Still not for home use —

NuScale’s small nuclear reactor is first to get US safety approval

Small size can help with economics and safety.

NuScale's reactor-in-a-can.
Enlarge / NuScale's reactor-in-a-can.
NuScale

One hope buoying nuclear energy advocates has been the promise of “small modular reactor” designs. By dividing a nuclear facility into an array of smaller reactors, they can largely be manufactured in a factory and then dropped into place, saving us from having to build a complex, possibly one-of-a-kind behemoth on site. That could be a big deal for nuclear’s persistent financial problems, while also enabling some design features that further improve safety.

On Friday, the first small modular reactor received a design certification from the US Nuclear Regulatory Commission, meaning that it meets safety requirements and could be chosen by future projects seeking licensing and approval.
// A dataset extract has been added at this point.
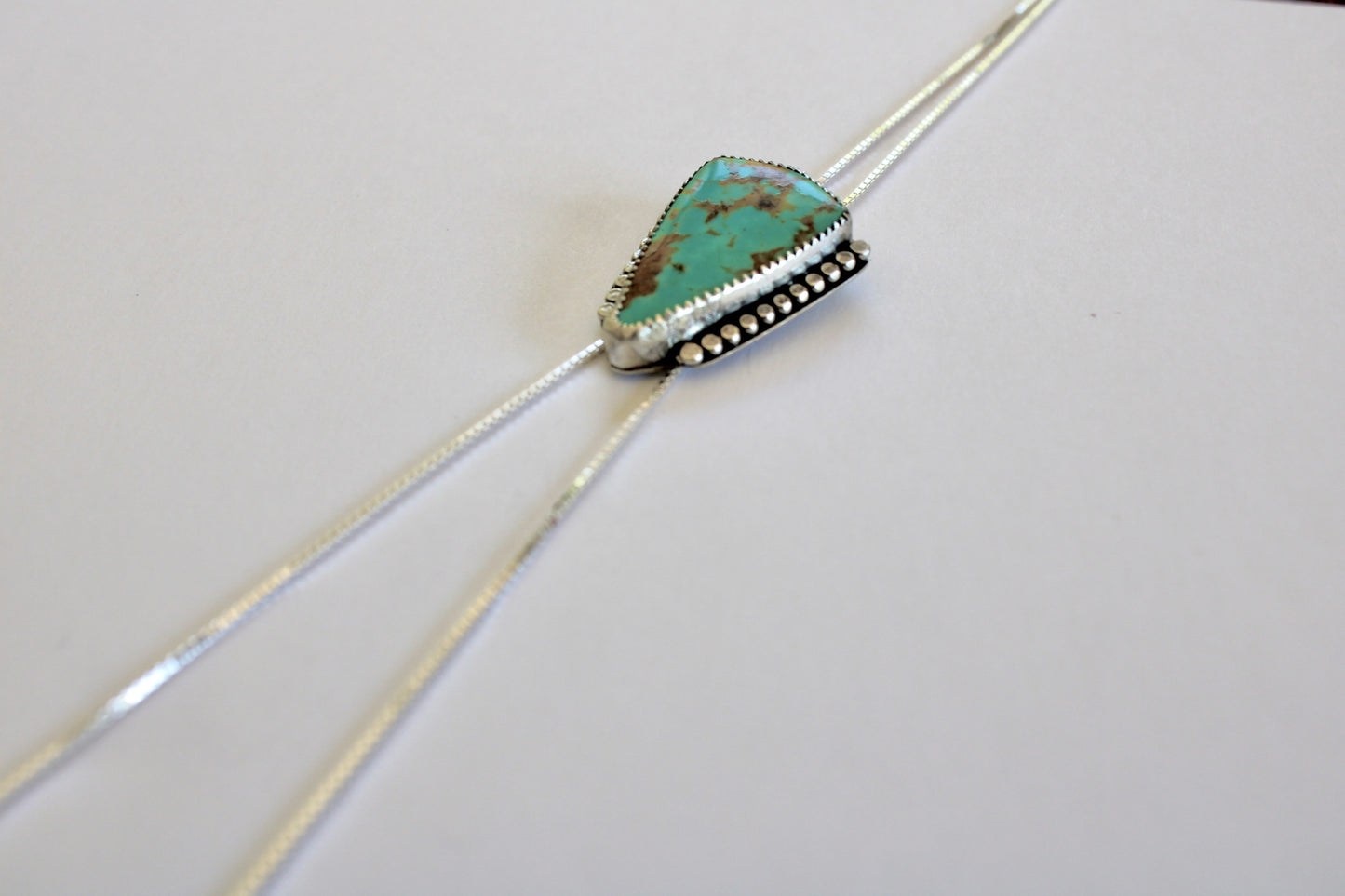 Turquoise Bolo Necklace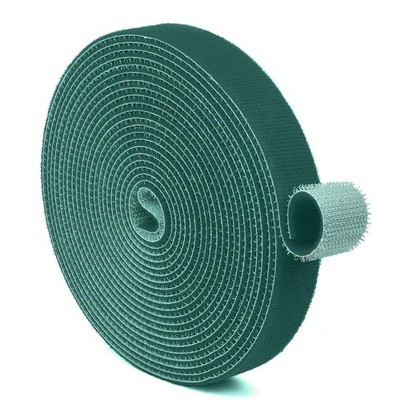 TNP Hook and Loop Tape Strap Cable Ties Fastener (Green) (15 Feet) - Sticky S...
The design comes from NuScale, a company birthed from research at Oregon State University that has received some substantial Department of Energy funding. It’s a 76-foot-tall, 15-foot-wide steel cylinder (23 meters by 5 meters) capable of producing 50 megawatts of electricity. (The company also has a 60-megawatt iteration teed up.) They envision a plant employing up to 12 of these reactors in a large pool like those used in current nuclear plants.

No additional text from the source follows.